====== INPUT DATA

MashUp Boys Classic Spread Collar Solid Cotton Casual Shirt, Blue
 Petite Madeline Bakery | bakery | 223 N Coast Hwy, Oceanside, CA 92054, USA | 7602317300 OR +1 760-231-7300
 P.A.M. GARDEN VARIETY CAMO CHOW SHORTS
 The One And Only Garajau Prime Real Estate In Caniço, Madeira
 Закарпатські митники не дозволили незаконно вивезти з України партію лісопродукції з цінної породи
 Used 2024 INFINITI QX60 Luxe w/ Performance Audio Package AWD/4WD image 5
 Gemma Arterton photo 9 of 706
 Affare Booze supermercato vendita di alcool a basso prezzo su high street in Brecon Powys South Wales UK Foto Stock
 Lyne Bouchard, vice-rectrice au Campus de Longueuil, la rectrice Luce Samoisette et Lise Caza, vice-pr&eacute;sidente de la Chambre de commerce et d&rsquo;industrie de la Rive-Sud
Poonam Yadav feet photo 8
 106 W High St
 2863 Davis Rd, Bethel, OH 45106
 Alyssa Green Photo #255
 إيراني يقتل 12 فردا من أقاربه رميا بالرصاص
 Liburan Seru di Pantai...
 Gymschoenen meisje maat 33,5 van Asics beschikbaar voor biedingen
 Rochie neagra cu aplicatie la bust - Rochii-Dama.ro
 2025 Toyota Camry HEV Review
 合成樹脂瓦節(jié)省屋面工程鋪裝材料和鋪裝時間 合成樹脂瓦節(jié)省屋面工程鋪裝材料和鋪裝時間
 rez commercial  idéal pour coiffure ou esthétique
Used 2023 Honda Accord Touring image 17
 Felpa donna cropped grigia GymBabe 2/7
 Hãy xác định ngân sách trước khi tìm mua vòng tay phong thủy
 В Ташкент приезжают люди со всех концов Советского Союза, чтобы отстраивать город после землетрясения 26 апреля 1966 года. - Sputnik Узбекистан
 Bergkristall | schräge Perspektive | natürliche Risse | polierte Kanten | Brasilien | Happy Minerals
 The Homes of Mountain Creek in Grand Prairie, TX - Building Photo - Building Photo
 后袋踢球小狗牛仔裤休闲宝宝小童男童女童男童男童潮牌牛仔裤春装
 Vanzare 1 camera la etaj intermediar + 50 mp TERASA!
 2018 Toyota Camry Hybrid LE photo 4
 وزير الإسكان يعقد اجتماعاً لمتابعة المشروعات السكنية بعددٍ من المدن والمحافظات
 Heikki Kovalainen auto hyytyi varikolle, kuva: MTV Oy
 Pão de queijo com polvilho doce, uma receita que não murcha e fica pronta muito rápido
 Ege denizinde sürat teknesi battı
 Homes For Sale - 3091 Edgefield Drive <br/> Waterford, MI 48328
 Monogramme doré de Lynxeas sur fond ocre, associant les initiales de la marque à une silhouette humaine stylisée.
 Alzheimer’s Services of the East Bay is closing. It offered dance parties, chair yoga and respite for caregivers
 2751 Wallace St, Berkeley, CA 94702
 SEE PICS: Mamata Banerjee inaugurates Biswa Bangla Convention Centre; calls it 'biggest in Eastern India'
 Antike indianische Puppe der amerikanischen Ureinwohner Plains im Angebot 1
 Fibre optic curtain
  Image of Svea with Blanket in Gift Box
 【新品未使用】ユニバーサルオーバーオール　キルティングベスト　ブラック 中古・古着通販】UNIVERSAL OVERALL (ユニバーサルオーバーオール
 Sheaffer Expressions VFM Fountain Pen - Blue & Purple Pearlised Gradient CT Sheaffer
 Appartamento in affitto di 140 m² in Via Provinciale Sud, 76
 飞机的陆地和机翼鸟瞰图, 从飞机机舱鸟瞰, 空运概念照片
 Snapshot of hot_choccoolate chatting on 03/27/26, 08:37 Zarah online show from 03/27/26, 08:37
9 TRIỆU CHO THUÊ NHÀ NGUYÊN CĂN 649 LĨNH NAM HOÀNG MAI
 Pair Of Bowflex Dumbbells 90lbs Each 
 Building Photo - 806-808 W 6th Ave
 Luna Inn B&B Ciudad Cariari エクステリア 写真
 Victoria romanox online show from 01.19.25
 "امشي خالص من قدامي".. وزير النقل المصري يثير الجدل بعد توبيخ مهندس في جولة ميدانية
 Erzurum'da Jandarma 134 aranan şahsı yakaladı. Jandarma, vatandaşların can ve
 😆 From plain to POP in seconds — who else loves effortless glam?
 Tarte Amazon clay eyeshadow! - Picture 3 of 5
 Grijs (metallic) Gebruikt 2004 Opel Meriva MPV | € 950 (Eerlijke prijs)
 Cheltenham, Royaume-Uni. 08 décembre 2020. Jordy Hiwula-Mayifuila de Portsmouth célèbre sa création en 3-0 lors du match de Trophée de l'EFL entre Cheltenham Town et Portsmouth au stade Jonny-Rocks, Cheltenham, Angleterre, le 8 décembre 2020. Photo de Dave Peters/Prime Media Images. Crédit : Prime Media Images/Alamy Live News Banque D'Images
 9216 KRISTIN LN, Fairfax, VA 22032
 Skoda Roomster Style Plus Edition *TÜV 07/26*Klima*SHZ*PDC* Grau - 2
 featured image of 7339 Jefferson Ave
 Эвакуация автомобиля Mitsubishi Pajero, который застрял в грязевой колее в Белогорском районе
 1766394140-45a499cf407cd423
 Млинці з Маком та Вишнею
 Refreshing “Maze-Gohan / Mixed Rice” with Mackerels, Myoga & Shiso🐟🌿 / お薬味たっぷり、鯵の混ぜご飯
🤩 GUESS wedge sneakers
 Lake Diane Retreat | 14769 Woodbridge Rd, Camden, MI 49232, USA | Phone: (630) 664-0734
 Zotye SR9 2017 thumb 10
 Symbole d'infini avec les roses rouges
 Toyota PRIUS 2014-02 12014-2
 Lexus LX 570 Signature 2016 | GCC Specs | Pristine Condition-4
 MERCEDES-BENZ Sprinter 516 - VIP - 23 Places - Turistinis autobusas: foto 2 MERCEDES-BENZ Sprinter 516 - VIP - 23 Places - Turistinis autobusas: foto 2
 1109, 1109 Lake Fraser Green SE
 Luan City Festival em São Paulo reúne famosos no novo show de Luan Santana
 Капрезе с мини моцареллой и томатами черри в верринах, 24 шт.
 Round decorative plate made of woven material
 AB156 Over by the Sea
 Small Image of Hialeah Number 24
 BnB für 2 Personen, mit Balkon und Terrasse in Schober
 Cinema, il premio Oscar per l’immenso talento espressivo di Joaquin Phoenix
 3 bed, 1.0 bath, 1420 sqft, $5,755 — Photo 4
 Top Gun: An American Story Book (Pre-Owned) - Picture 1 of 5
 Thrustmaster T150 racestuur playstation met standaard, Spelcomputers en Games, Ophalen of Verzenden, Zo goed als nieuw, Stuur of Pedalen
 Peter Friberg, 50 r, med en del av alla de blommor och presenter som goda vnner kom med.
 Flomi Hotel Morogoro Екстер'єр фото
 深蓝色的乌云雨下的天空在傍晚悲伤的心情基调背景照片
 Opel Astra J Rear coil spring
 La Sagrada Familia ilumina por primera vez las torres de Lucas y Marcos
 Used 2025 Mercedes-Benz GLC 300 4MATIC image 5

============

TASK STATEMENT: Check each line of the material for "وزير". Copy the ones that have it.

SOLVED EXERCISE:
 وزير الإسكان يعقد اجتماعاً لمتابعة المشروعات السكنية بعددٍ من المدن والمحافظات
 "امشي خالص من قدامي".. وزير النقل المصري يثير الجدل بعد توبيخ مهندس في جولة ميدانية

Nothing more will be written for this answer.